About 8 months or so back, I bought the Plantronics GameCom 780 USB Surround-Sound Headset. It's been great, except for the USB cable. The problem with it was that the cable itself was getting extremely curled up. The curls were hindering the overall length of the cable. I eventually decided to try to straighten out the cable by pulling it down along the corner of the edge of my desk, back and forth. This worked the first couple of times, however, the same spots started to curl up again. I tried it again, and it straightened. I was doing this while the headset was plugged in and I had music playing. At one point, the music stopped and I had no sound.

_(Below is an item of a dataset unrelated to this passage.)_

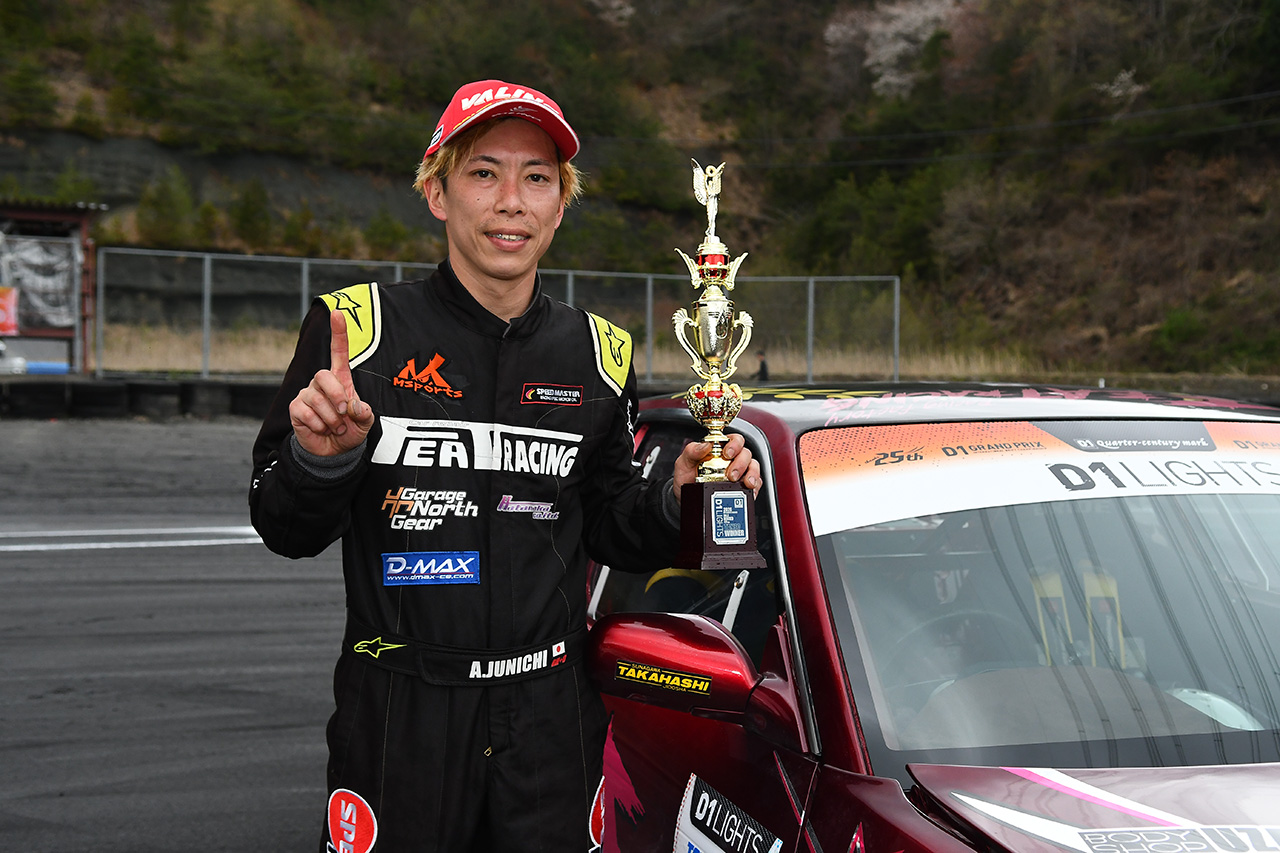 D1LIGHTSエビスラウンドで八の字の新レイアウトをトライ。D1グランプリシリーズでの採用も検討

I decided to strip the insulation of the wire over the area that I was straightening and found that the wires inside had broken completely. I attempted to reconnect them with duct tape. When I found that that hadn't worked, I reattempted and reattempted, but I have not had any luck at all.

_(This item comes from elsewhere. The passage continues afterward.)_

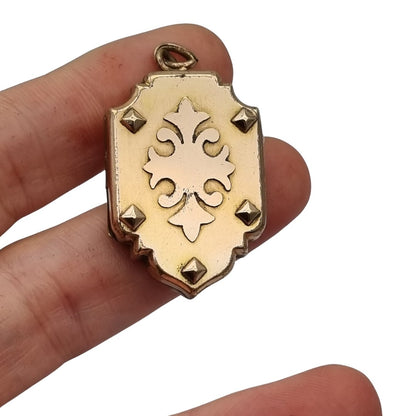 Victorian locket in gilt metal, engraved in the shape of a shield, circa 1900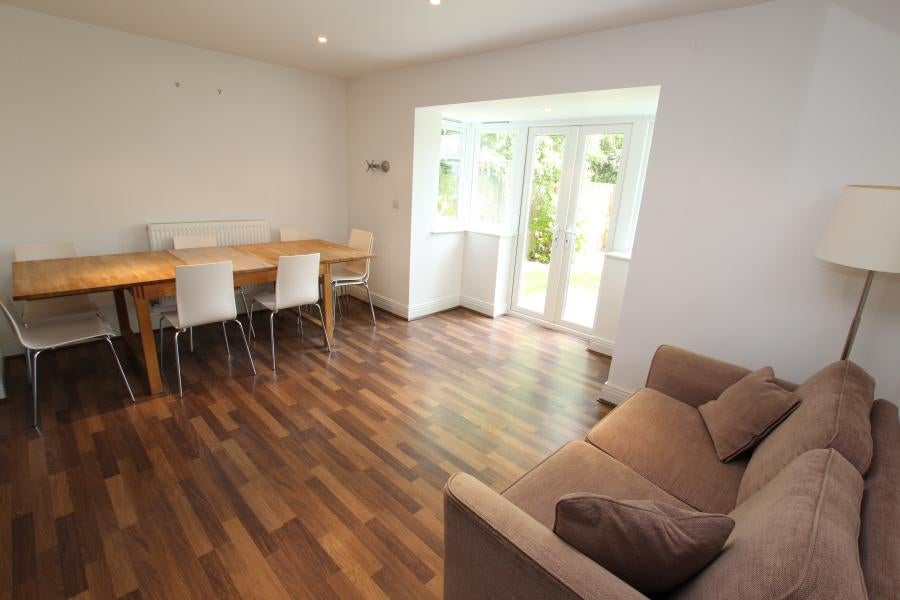 Flat Kingfield Gardens in Woking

Does anyone know of an easy way to replace the cable of this headset? The opposite end(not the plug end) is hard-wired into the headset itself, so it's not like I can just buy a new one. Any ideas?


----------



## JimE (Apr 16, 2009)

Replace it.

The wire used in those cables is so fine that it typically cannot be repaired. The proper repair would be to solder the ends together, but that typically will not work with those type of wires.

And not that is matter now, but you shouldn't pull/stretch/"straighten" headphones wires...because the wires are thin and fragile and it typically results in what you are now experiencing.

If the cord isn't long enough, get an extension cable.

Live and learn.


----------